Capitalist Note - I originally posted this a couple of weeks back over at Fistful of Talent. While some of you read both FOT and the Capitalist, not all of you do - so I'm reposting here. Take a look, interesting stuff from Salesforce as they seek to change the narrative from Diversity to Equality.  Some will be frustrated, some will think it's brilliant. Here's what I know - Salesforce is playing OFFENSE, not defense, on this issue.

If you don’t like the answer, you can always change the question. Especially if you have money. Lots of money.

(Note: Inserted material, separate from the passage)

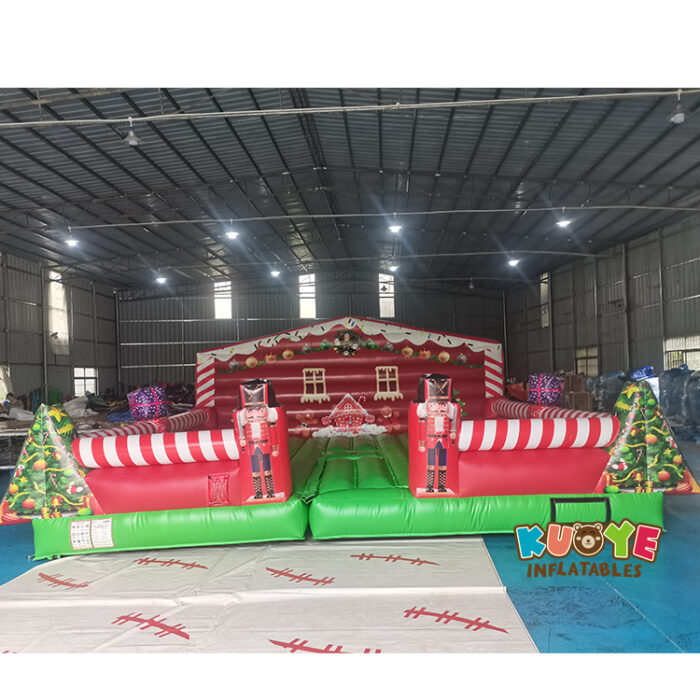 MR037 Christmas Inflatable Mat for Mechanical Reindeer Mechanical Rides for sale 6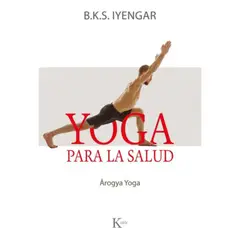 KAIROS - Libro Yoga Para La Salud - B.k.s. Iyengar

There’s a lot of companies across America that struggle with Diversity hiring.  They’re under-utilized in multiple job families, and even as they try to attract diverse talent, it hasn’t gone great.  After all, not everyone wants to work for your company.  Throw in the fact that you can’t pay new hires anything they want without messing up your comp equity, and most companies don’t make the progress they’d like to.

So Salesforce did what any company with loads of cash would do.  They changed the answer, and thus the question.  Turns out the answer isn’t more DIVERSITY, it’s more EQUALITY.

Confused?  You’ll get it soon. More from TechCrunch:

“It’s important for tech companies to have at least one voice at the senior leadership table that advocates for issues around equality, diversity and inclusion. Unfortunately, that’s just not the case for many companies in the tech industry. Salesforce, a company that said a year ago that a major focus for it was “the women’s issue,” recently became an exception to the rule with the hiring of Tony Prophet, its first-ever chief equality officer. Two weeks into his role, Prophet sat down with me to chat about Salesforce’s evolution from a focus on diversity and inclusion to an overall focus on equality. 

“The notion of being chief equality officer — now that was very thoughtful and deliberate on Salesforce’s part and on Marc’s [Benioff] part versus being chief of diversity or chief of inclusion because you can have a diverse workplace or a diverse culture in many parts of America that are very diverse but are hardly inclusive and there’s hardly equality,” Prophet told me. “We want to go beyond diversity and beyond inclusion to really achieve equality.”

Translation?  Tech companies have huge issues finding enough females and minority to work at their company, especially in the bay area.  If you can’t figure out diversity but can afford to achieve equality when it comes to pay, odds are people are going to be less critical of you.

Earlier this year,Salesforce chairman and CEO Marc Benioff revealed that his company spent about $3 million in 2015 to equalize compensation across the company, closing the tech giant’s gender pay gap.

Here’s a chart showing Salesforce’s workforce diversity (email subscribers click through for graph):

Salesforce diversity

Translation – The company still has a lot of work to do, but by changing the conversation to equality, not diversity, they’ve effectively changed how they’re measured by the outside world.

I’m not saying diversity hiring in tech isn’t important. I am saying that Salesforce is working towards a related, equally important goal and now will be considered in a different light than other major tech companies, whom I would expect will follow suit soon enough.

If you can’t find enough diverse hires, it makes sense to ensure the ones you have (including women) are paid on equal footing to everyone else.

Then you obviously want to get your message out.

At Salesforce, that message includes the fact they’re changing the conversation from diversity to equality, with an emphasis on pay equity.

Again, I’m not saying either approach is right – but Salesforce has created a master stroke to relieve some of the diversity hiring pressure and is going all in, with first mover advantage and everything that comes with it.

I’m a cynic on most things.  Even the cynic in me has to respect how Salesforce is controlling the narrative here.